→ Collected data:
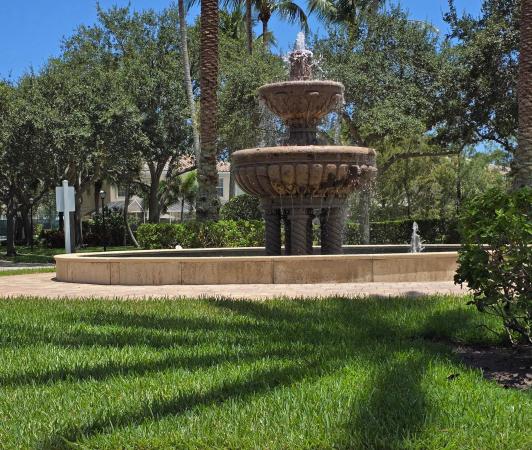 Catalina Lakes, 172 Santa Barbara Way, Palm Beach Gardens, Florida 33410, image 1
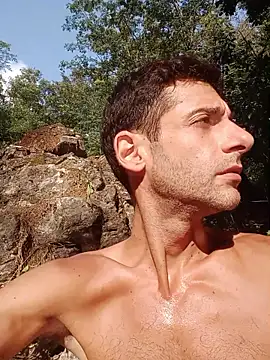 Snapshot of MrTamburine22 chatting on 07-18-26, 04:33 MrTamburine22 online show from 07-18-26, 04:33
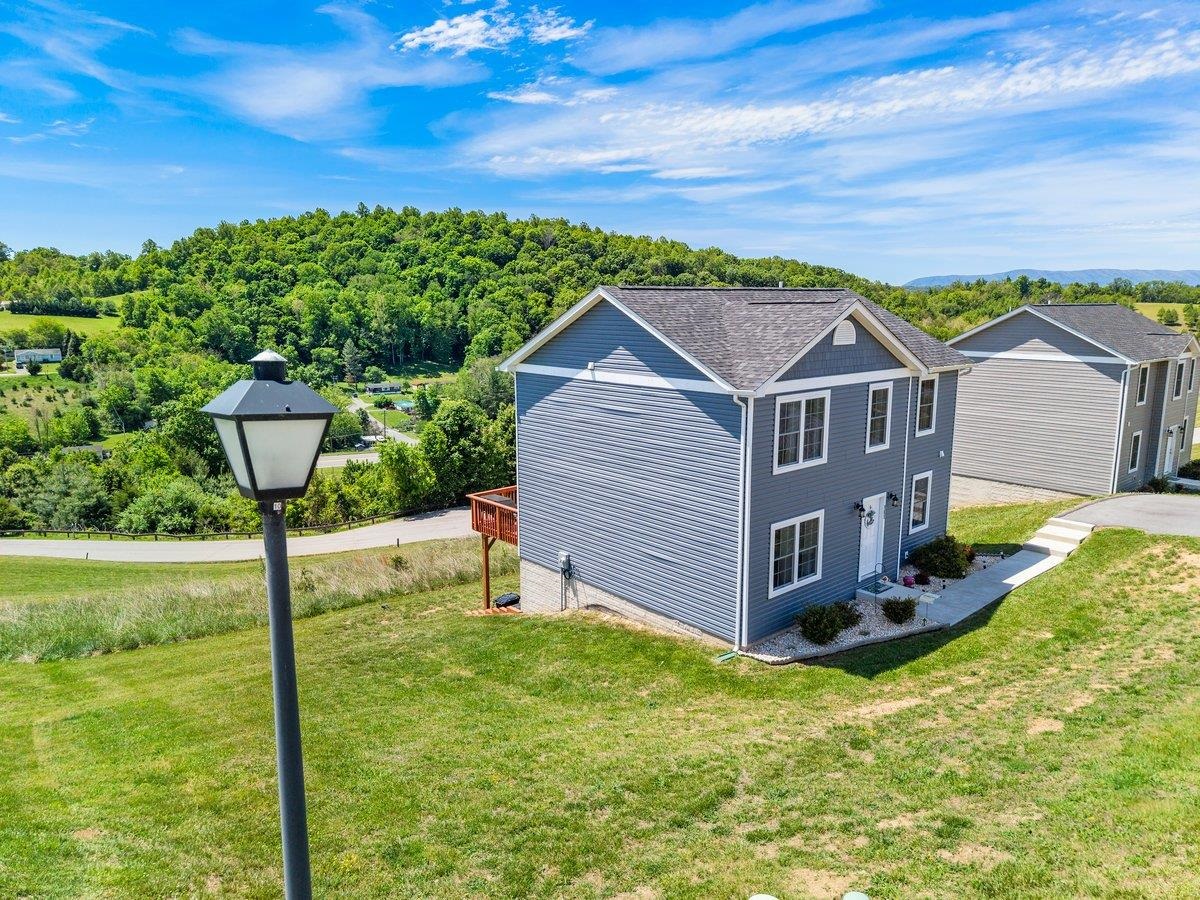161 Prairie View Lane Pembroke VA 24136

→ What is required:
Please ensure that the data above is repeated exactly, with no pictures in the copy.

→ Written solution:
 Catalina Lakes, 172 Santa Barbara Way, Palm Beach Gardens, Florida 33410, image 1
 Snapshot of MrTamburine22 chatting on 07-18-26, 04:33 MrTamburine22 online show from 07-18-26, 04:33
161 Prairie View Lane Pembroke VA 24136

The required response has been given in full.